On a lighter note (pardon the pun), there is more cross-fertilization in modern music now. During First Night activities in Boston a few years ago, I heard an interesting band mixing Brazilian and soft rock…can’t remember the group’s name. In this sense, there might be some swirling around and new, exciting sounds might appear. It’s a bit like literature. There are in general only so many possible stories. The devil is in the details of how the author tells the stories. One part of my new sci-fi thriller Sing a Samba Galactica is classic road trip but the pursuers and the destination are quite different than anything else you’ve read. Let’s look for these new details in music too–it might be something else besides crap. 🙂
Take care,
Steve
April 4th, 2012 at 2:00 pm
I agree that Golding and King both write better and with perhaps more depth than Collins, though again, I felt the latter two books brought the series in deeper, more interesting (to me) directions. (My son liked the third book in the series the least, whereas it is my favorite.) You’re absolutely right about the thin veneer of civilization of many of the tributes. Our heroine is tormented by that, in all the books, I think. It’s explained in the books that the tributes from some districts that are more closely linked to the Capitol are raised almost brainwashed, and they are referred to as “Careers” because all of their youth train to get into the Games.
As to music, I’ve heard a few hybrids; my wife listens to a lot of contemporary Persian artists, and there is definitely a crossover between the Persian/Middle Eastern music and American/British pop music in several instances.
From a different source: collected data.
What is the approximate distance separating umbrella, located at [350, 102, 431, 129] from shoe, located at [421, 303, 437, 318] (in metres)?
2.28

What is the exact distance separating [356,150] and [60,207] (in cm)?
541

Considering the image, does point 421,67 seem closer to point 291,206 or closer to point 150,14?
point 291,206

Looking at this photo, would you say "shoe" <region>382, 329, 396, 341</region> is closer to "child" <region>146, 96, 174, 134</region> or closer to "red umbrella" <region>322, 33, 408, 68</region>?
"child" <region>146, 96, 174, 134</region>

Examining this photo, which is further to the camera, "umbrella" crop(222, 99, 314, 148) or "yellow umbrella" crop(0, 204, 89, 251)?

But I haven’t heard much that I call “new”. Except for that electronic noise that my friends’ sons are listening to. (Both of their sons are musicians, too.) Paul McCartney released a project under the name “The Fireman” where he does experimental music with some British producer who goes by the moniker “Youth”. Being a huge McCartney/Beatles fan, I gave it more of a chance than i might have otherwise, and I have to admit I warmed up to it a little after a while…
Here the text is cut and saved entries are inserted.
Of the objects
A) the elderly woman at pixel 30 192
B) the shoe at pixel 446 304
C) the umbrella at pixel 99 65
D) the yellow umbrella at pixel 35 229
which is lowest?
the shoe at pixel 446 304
April 5th, 2012 at 6:04 am
Hi Scott,
To continue the music discussion, when I was at IU, I received a gift from a Jordanian friend–an LP of many stylized Persian and Arabian music “greatest hits”–sort of a Paul Mauriat version of hits from the Middle East. I always thought, “What great melodies!” I also thought that combining this kind of melodic writing with soft rock (a la what Simon did for African and Brazilian music) would be an intriguing experiment.
I’m also a great Beatles fan. “Yesterday” is probably my favorite song and “When I’m Sixty-Four” now all too real. “Rocky Racoon” was my favorite on the White Album.